Le secrétaire américain aux Transports (DOT), Sean Duffy, a publié en juin dernier une directive demandant aux gouverneurs d’identifier les problèmes de sécurité routière. La veille, le secrétaire adjoint du département des Transports de Floride (FDOT) avait diffusé une instruction similaire, ciblant spécifiquement les peintures murales réalisées sur la chaussée. Il donnait alors soixante jours aux villes pour supprimer toutes ces créations, afin de rendre les routes « neutres » et exclusivement dédiées à la circulation. Les seuls marquages autorisés demeurent ceux prévus par la signalisation routière.
Les municipalités ont réagi diversement. Certaines, comme Boynton Beach ou Orlando, ont choisi de se conformer à la directive. D’autres, comme Key West, ont manifesté leur opposition en organisant notamment un « Rainbow Rally » en soutien aux passages piétons arc-en-ciel, symbole de la communauté homosexuelle. St. Petersburg, de son côté, a engagé des discussions avec l’État afin d’obtenir des dérogations pour certaines installations. Mais ces collectivités se trouvent sous la menace de sanctions financières : le gouverneur conditionne le maintien des subventions destinées à l’entretien des routes au respect de la directive.
Les motifs avancés par le FDOT sont essentiellement liés à la sécurité. L’administration estime que les peintures sur la chaussée perturbent conducteurs et piétons. Ces arguments ont été contestés : une étude menée en 2022 par Bloomberg Philanthropies sur 17 intersections équipées de fresques au sol révélait une baisse de 50 % des accidents concernant piétons et cyclistes et une diminution globale de 17 % du nombre d’accidents.

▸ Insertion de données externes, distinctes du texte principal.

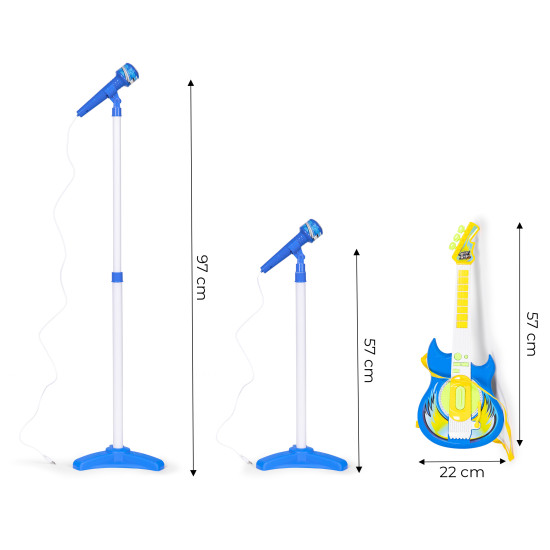 Zila elektriskā ģitāra un mikrofona komplekts ar statīvu bērniem Mūzikas instrumentai MULTISTORE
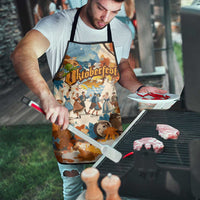 Oktoberfest Apron with Beer Mug Illustration White Diamond Pattern - Wonder Print Shop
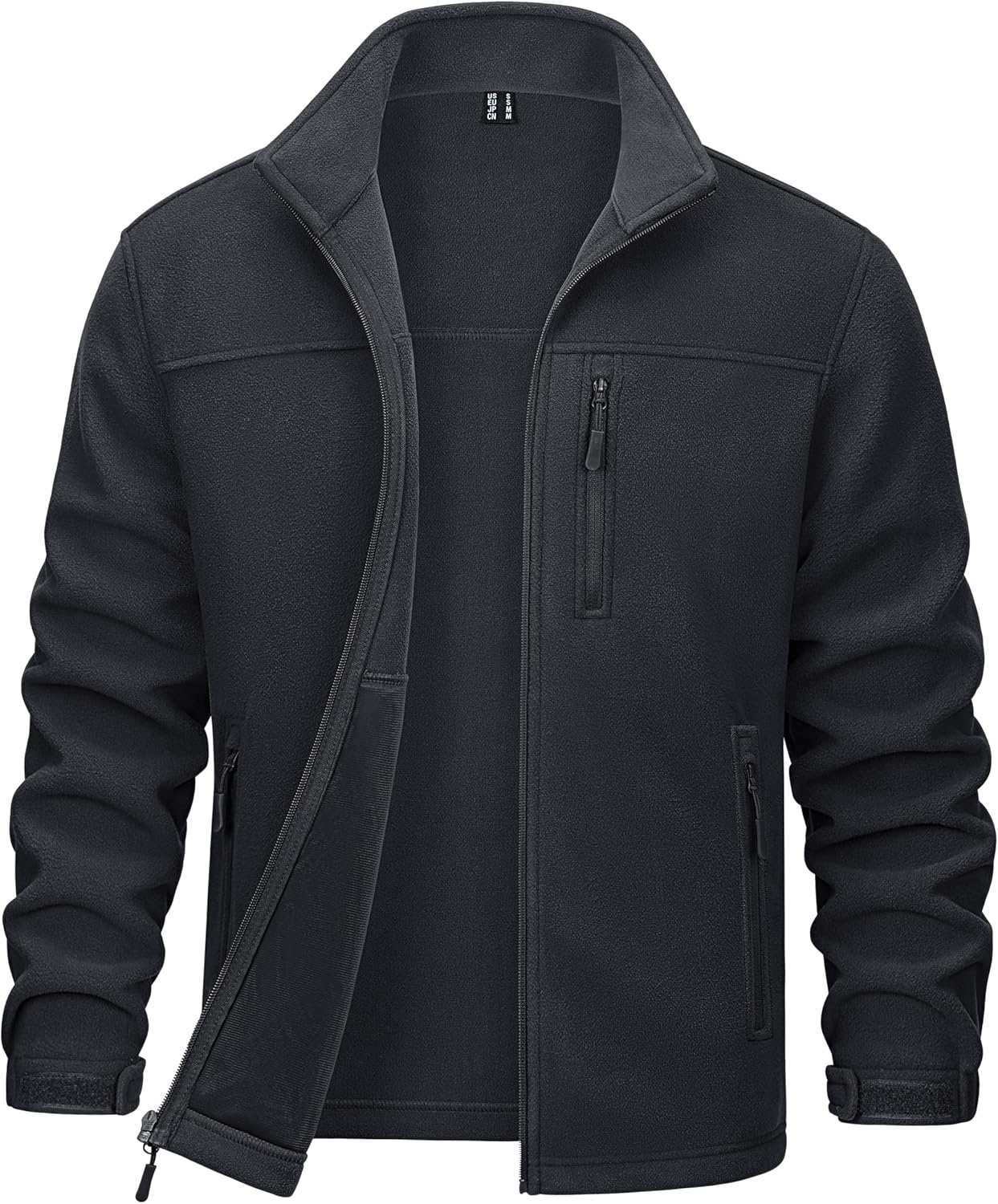 MAGCOMSEN Men's Winter Zip Up Polar Fleece Jacket for Outdoor Use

L’argument des perturbations pour les véhicules sans chauffeur a également été avancé, mais des recherches ont montré que ces systèmes sont tout autant perturbés par d’autres éléments urbains (mobilier, signalétique, etc.).
Ces justifications ont été mal accueillies par les associations et plusieurs élus locaux. Sam Kaufman, représentant municipal, a déclaré au Washington Post : « Ma conviction est que cela est politiquement motivé et non réellement lié à la sécurité routière ». Les déclarations publiques de Sean Duffy renforcent cette interprétation : « Les contribuables s’attendent à ce que leurs dollars financent des rues sûres, pas des passages piétons arc-en-ciel » et « Les bannières politiques n’ont pas leur place sur les routes publiques ». Selon ses opposants, le gouvernement chercherait à restreindre les expressions artistiques dans l’espace public, en particulier l’imagerie arc-en-ciel associée aux communautés LGBTQ+.

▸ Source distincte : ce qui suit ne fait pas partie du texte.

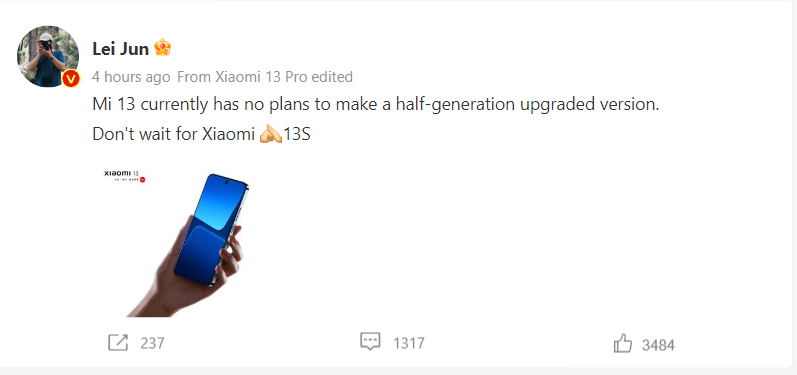 Xiaomi Konfirmasi Tidak Akan Rilis Model Xiaomi 13S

Depuis 2008, les « marches des fiertés » à travers le monde décorent des passages piétons aux couleurs du drapeau arc-en-ciel. Le premier aux États-Unis fut inauguré en 2012 à West Hollywood. Cette pratique s’est depuis inscrite dans la culture LGBTQ+. En Floride, cette mesure s’ajoute à une série de restrictions visant ces communautés. Bior Guigni, directeur du St Pete Pride, a déclaré à OutSFL que l’État « a passé les dernières années à cibler systématiquement les symboles de fierté LGBTQ – en commençant par les salles de classe et les bâtiments gouvernementaux ». Le drapeau créé en 1978 par Gilbert Baker est aujourd’hui un symbole mondialement reconnu ; un exemplaire est conservé depuis 2015 dans le département Architecture et design du Museum of Modern Art (MoMA) de New York.
À Sarasota, le Festival d’art de l’asphalte, qui impliquait plus d’une centaine d’artistes et d’écrivains, doit effacer près de 200 fresques réalisées sur des trottoirs. Chaque œuvre illustrait un épisode de l’histoire de la ville, accompagnée de textes explicatifs. Le passage piéton d’Orlando, peint en hommage aux 49 victimes de l’attentat homophobe du Pulse en 2016, a lui aussi été effacé.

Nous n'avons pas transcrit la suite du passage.